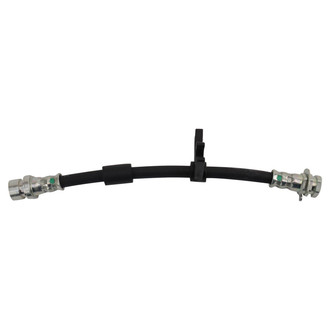 TRQ® - Rear Passenger Side Outer Brake Hydraulic Hose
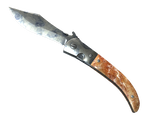 Artwork for [FT] ★ Navaja Knife | Stained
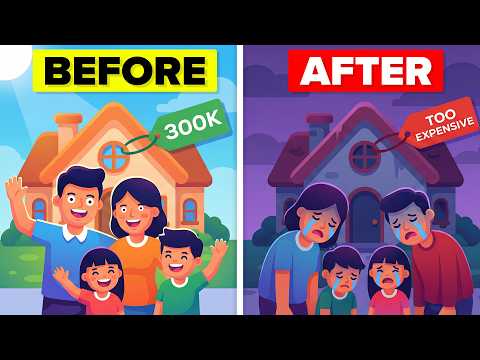 Real Reason Buying a Home Will be Impossible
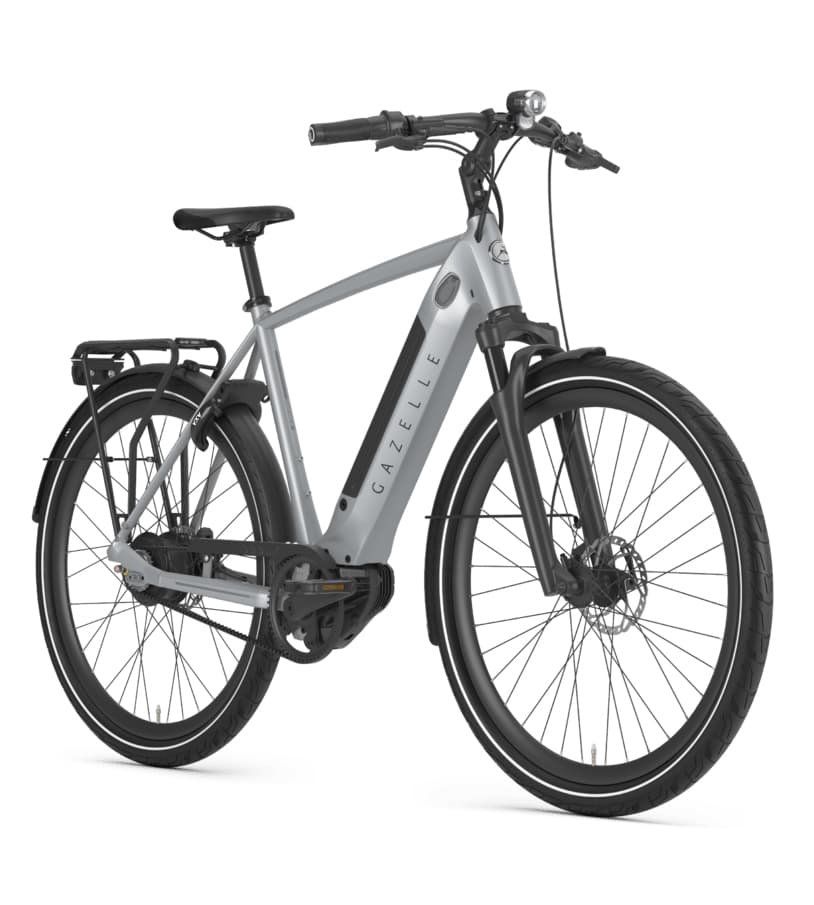 Gazelle Ultimate C380+ HMB - Electric Cyclery
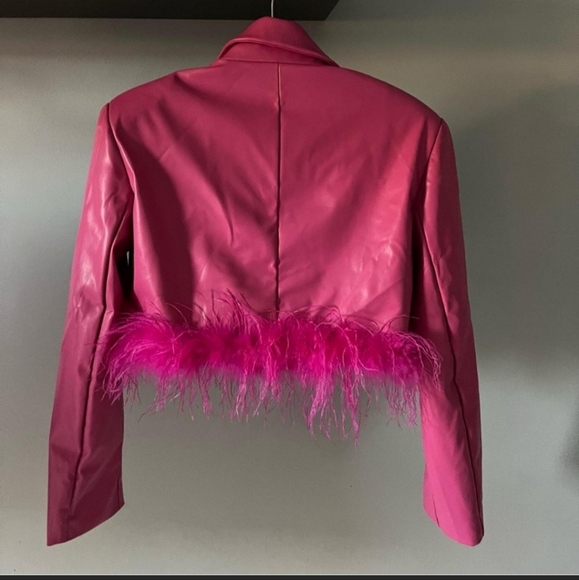 Leather Jacket - Picture 2 of 5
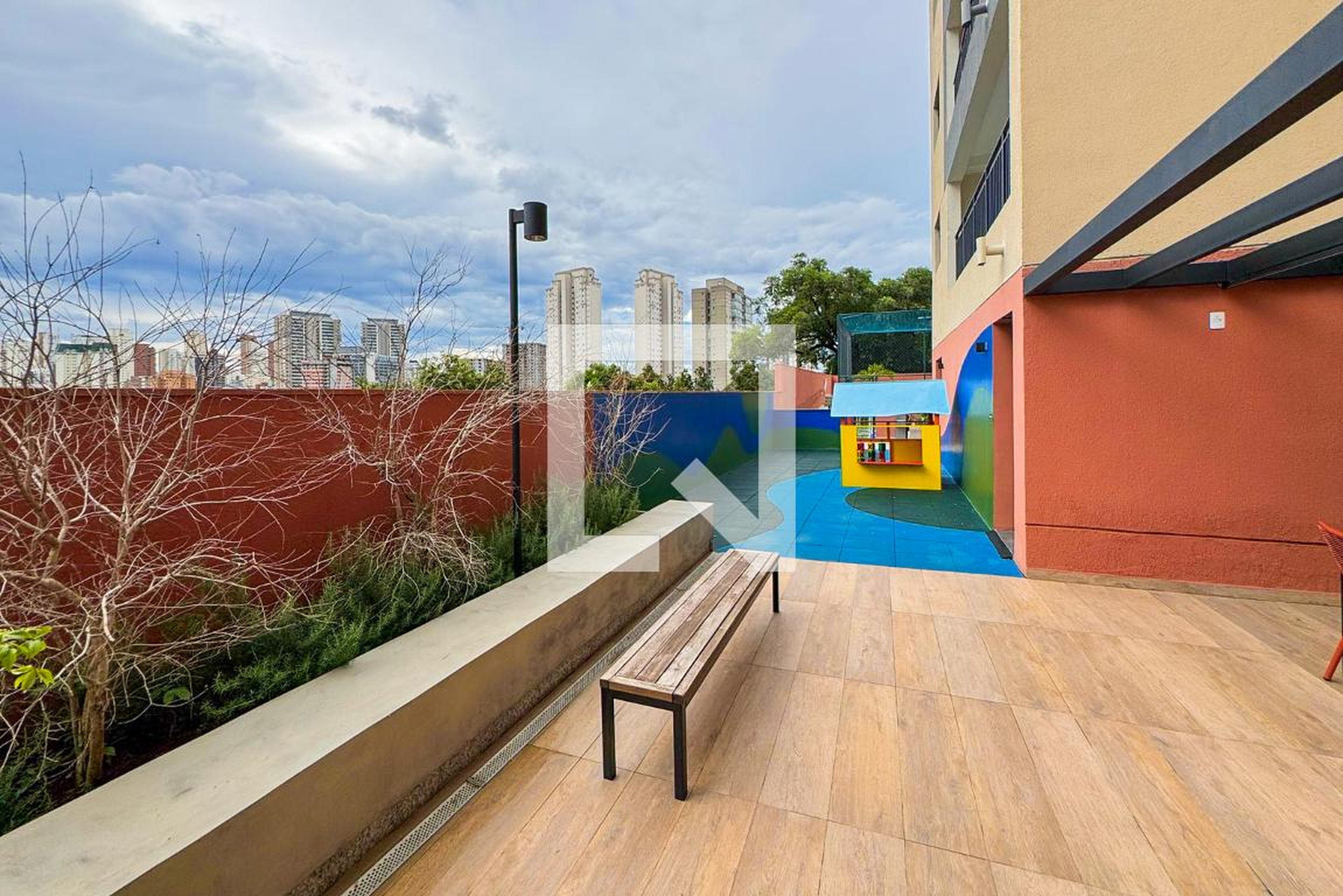 Playground - Setin Smart Home Nova Klabin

---

What you need to do: Output exactly the lines from the line with "Artwork for [FT] ★ Navaja Knife | Stained" to the last line of the records, including both, and leave every picture out.

Exercise answer:
 Artwork for [FT] ★ Navaja Knife | Stained
 Real Reason Buying a Home Will be Impossible
 Gazelle Ultimate C380+ HMB - Electric Cyclery
 Leather Jacket - Picture 2 of 5
 Playground - Setin Smart Home Nova Klabin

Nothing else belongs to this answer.